# Super Heterodyne Receiver (with mods)



## Fuzzonaut (Aug 16, 2019)

Here are my 3 voices of madness. What a wild ride this pedal is! The test run was like opening a big bag of surprises - and a lot of fun.









I added 2 of the mods presented here, Freq and Track.
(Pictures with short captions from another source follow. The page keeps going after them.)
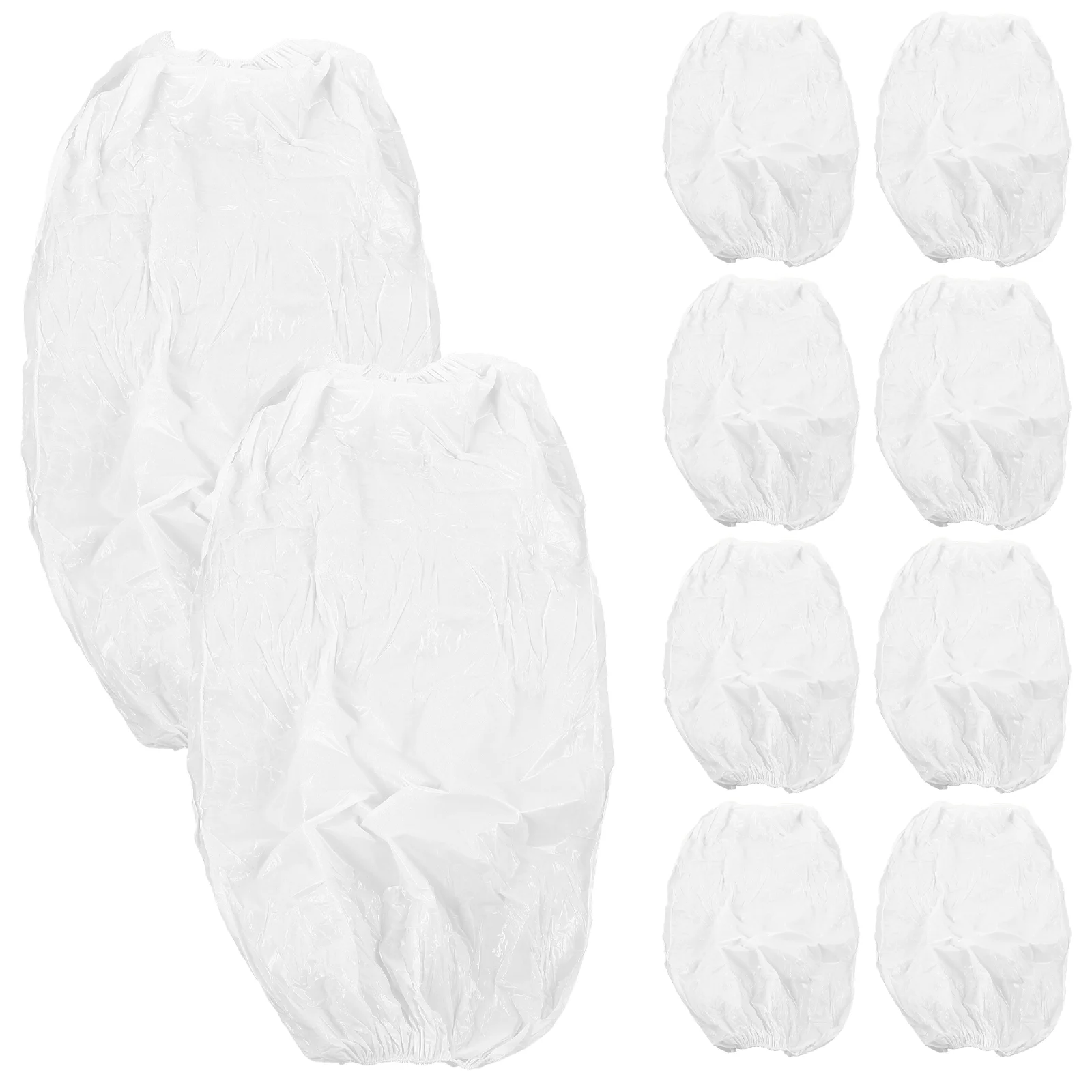 

100 Pcs Disposable Sleeve Protectors Arm Gloves Protection Covers Sleeves Arms Plastic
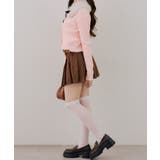 ティペット付金釦ケーブルカーディガン | NICE CLAUP / OLIVE des OLIVE OUTLET | 詳細画像53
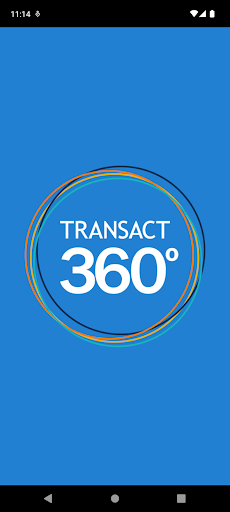 Android application Transact 360° screenshort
I "accidentally" put 68 NF on the other side of the Freq switch instead of 6,8 as planned (recommended were 10 NF or less) - but there still is a noticeable and "nice" change of frequency, so I guess I'll just leave it.
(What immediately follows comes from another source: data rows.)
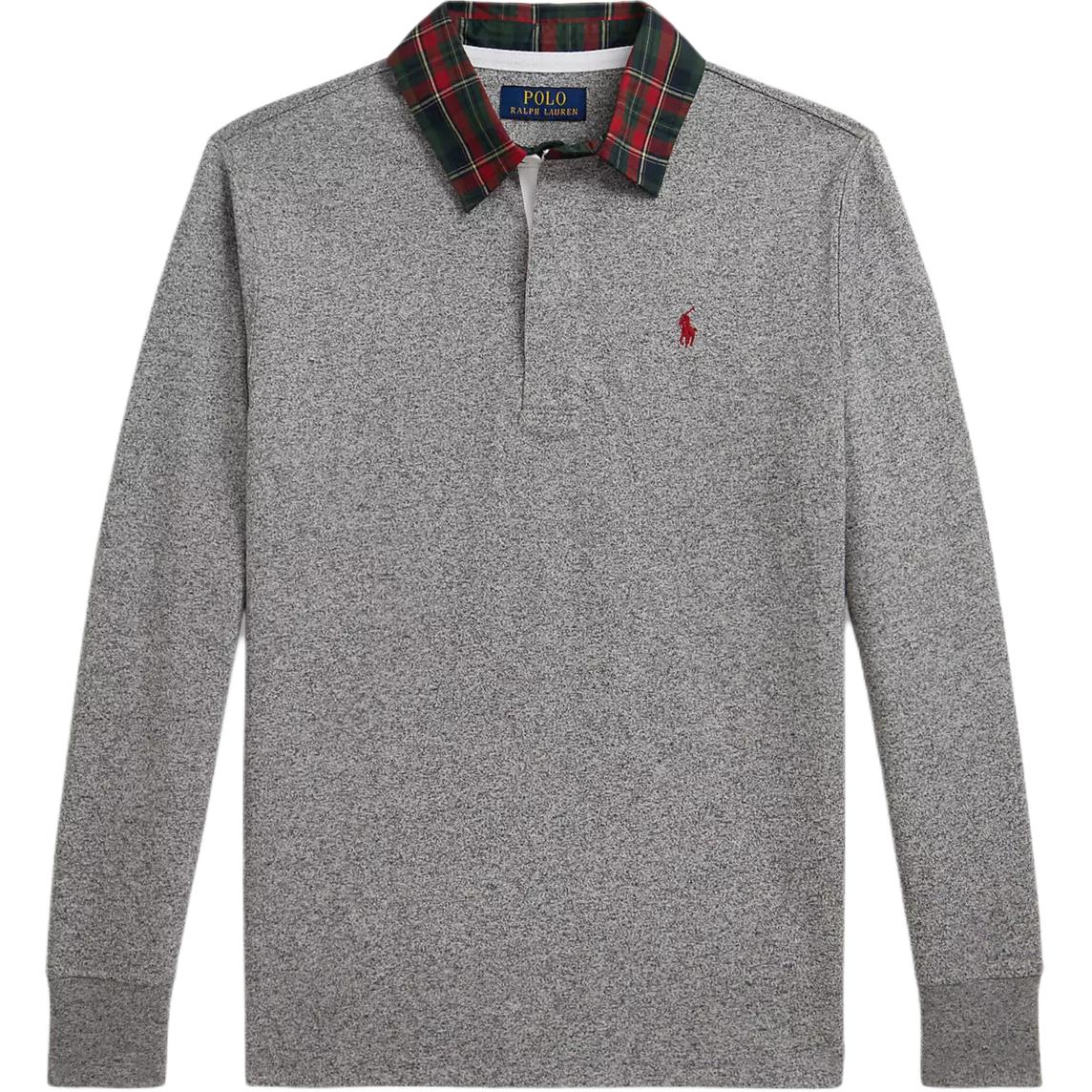 Детская рубашка-поло Polo Ralph Lauren, серый
Детская рубашка-поло Polo Ralph Lauren, серый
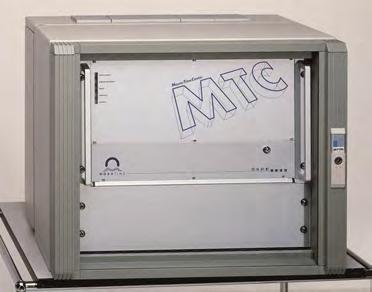 Ovládání přehledný ovládací software pro systém Windows umožňuje jednoduchou obsluhu časového centra MTC všechny operace spojené s ovládáním a kontrolou MTC jsou prováděny prostřednictvím notebooku,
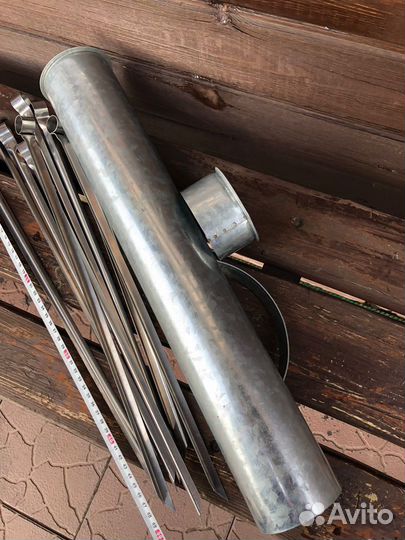 Набор шампуров в чехле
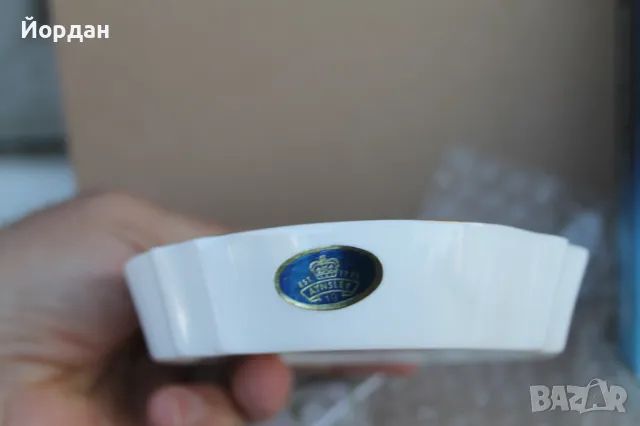 Английска порцеланова чиния ''Aynsley'', снимка 4 - Колекции - 50006723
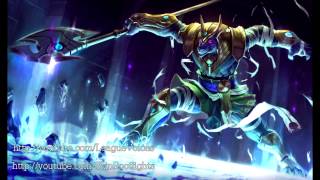 Nasus 2013 Visual Upgrade Voice  English  League of Legends [upl. by Gaither8]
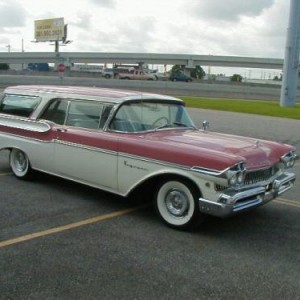1957 Mercury Turnpike Wagon.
I also messed up a few other things, like wonky drilling or parts of the graphics.
Oh well, I don't mind the wacky looks, they kind of reflect what the pedal does to your sound anyway, so I might just pretend it was intentional ...  ?


----------



## zgrav (Aug 16, 2019)

Fun case design that matches the untamed aspects of the pedal.


----------



## geekmacdaddy (Aug 16, 2019)

LOVE love LOVE the graphics. Great job.


----------



## Fuzzonaut (Aug 16, 2019)

geekmacdaddy said:


> LOVE love LOVE the graphics. Great job.



Thanks.


----------



## Jovi Bon Kenobi (Aug 17, 2019)

This is so rad!


----------